Your answer must be an exact copy of the listing that follows, with all pictures omitted.

START DATA SEGMENT

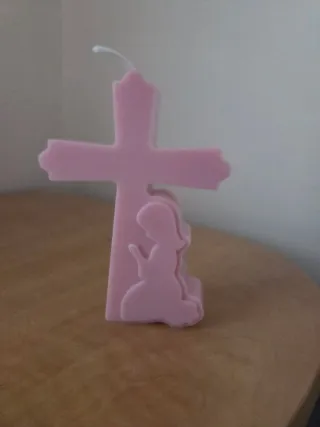 Vela de Comunión Rosa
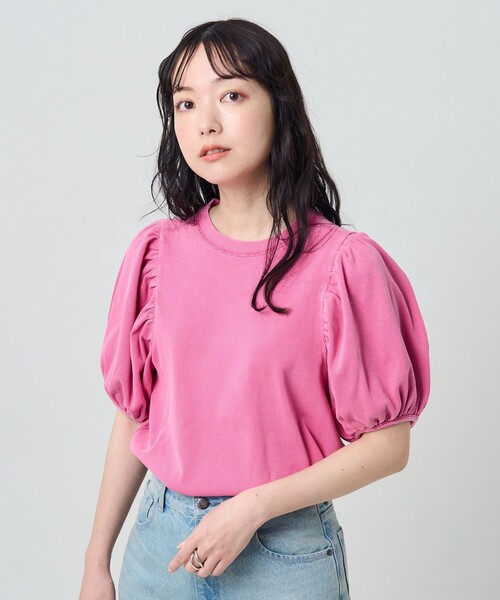 FREAK'S STORE(フリークスストア)の「ピグメントパフスリーブ半袖Tシャツ(Tシャツ/カットソー・レディース・ブラック/ピンク/オレンジ/グリーン・フリ-)」の9枚目の写真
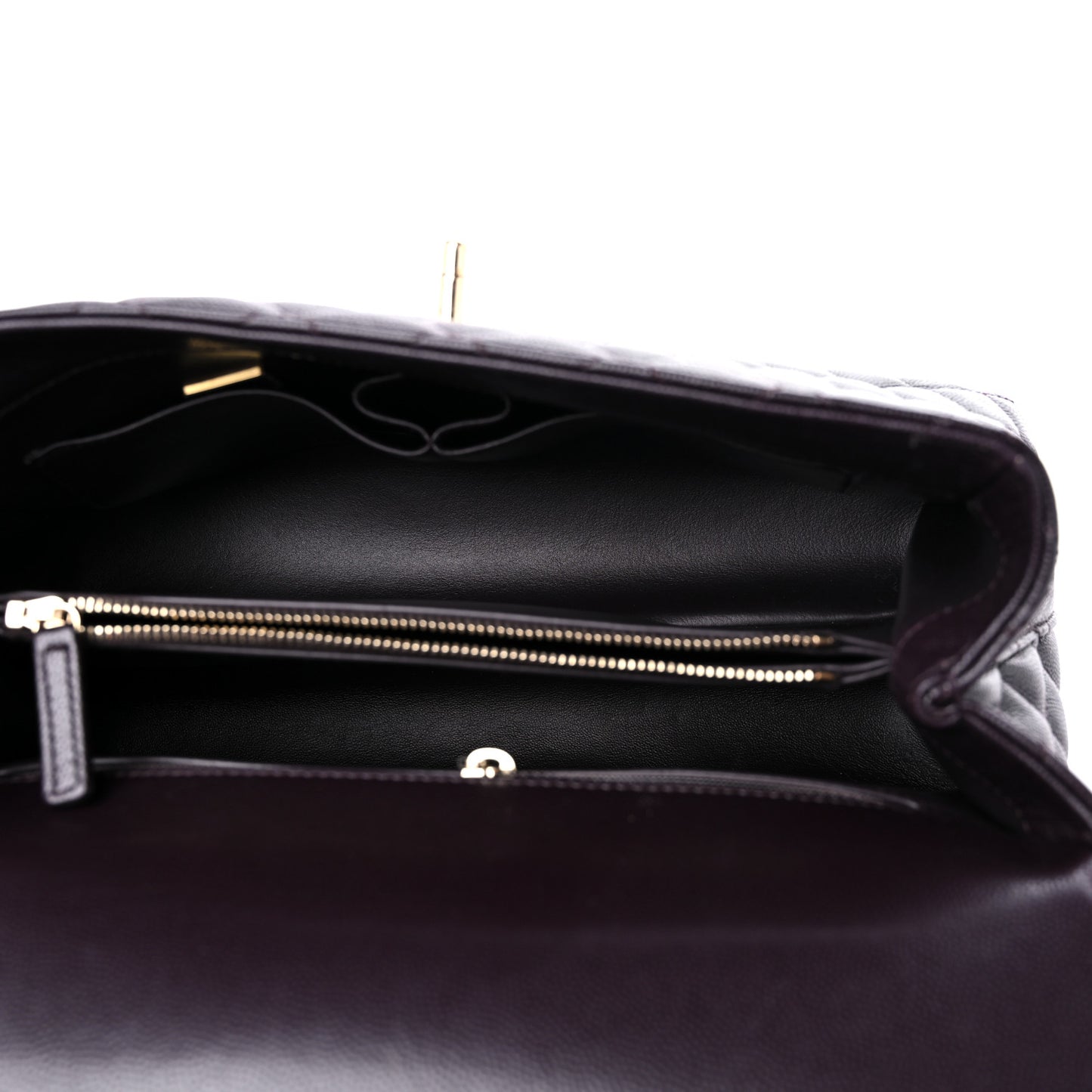Caviar Quilted Small Coco Handle Flap Dark Brown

END DATA SEGMENT

■ SOLUTION TO THE PROBLEM:
 Vela de Comunión Rosa
 FREAK'S STORE(フリークスストア)の「ピグメントパフスリーブ半袖Tシャツ(Tシャツ/カットソー・レディース・ブラック/ピンク/オレンジ/グリーン・フリ-)」の9枚目の写真
Caviar Quilted Small Coco Handle Flap Dark Brown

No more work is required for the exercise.